It’s weird to be talking so much lately about growing up poor when I’ve spent my life pretending that I didn’t and or feeling ashamed about it all. Now, as the subject of white, rural poverty seems to be in the miasma of the 2020 election and some think it’s a Rosetta Stone to understanding voters who seem to vote against their own interests and well being by supporting leaders who gut the programs and support that would help them to pull up by those mythologized bootstraps we’re all supposed to have, I find myself turning to the question of my childhood. I’m also spurred to reconsider poverty by the accession of J.D. Vance as spokesman for all of The Poor (white poor, anyway) and I did read his book when it came out. His thesis, and I’m assuming the thesis of the new Netflix film adaptation, seems to be that poverty is the result of poor choices.
I counter that the shame I carried because my housing was always insecure ties adults like me, who grew up poor, into a cycle of trying to fill the hole shame carves out of your soul with poor choices. Can we consider this for a moment?
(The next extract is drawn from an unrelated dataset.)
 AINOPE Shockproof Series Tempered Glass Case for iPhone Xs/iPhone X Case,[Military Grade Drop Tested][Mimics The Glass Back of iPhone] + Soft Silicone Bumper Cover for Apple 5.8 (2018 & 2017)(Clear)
That poverty scars children, who too often become scarred adults struggling to survive, sometimes with their own children? Can we spare any compassion for people who never learned to save money because money was always spoken for before the paycheck arrived, for people who never had the credit to buy a home.
But what if we’d had a little help? What if Mom and I could have gotten some cash assistance when my Dad left her after twenty years, with no education and no job? What if we had more than the $40/month in food stamps that so many groceries shamed up for using?
Again, SO many people had it worse than I did. @JDVance1 certainly did. But he did have help. He didn’t crawl out on his own. Neither did I. We need each other. We need to help each other. So maybe our lawmakers, not people drowning in poverty, are the one who should be making better choices. Last thing: the reason we didn’t qualify for much assistance was because of my Dad’s decent income and child support. Child support of about $400/month. Mom did not have an immediate path to work after being a stay at home mother (we called it a “homemaker” back then) for so long. So until she could find work, we were supposed to live on $4800/year in the late 80s — but to the state that was too much income. For perspective, that’s about $10,079.54 ion 2020.
Mom did eventually go back to school and become a nurse – because she found a child of veterans federal grant that paid for a one year program. It helped SO much. Was that grant “bootstraps?” A handout? Maybe the gov’t just finally gave us some damn boots. We all deserve boots.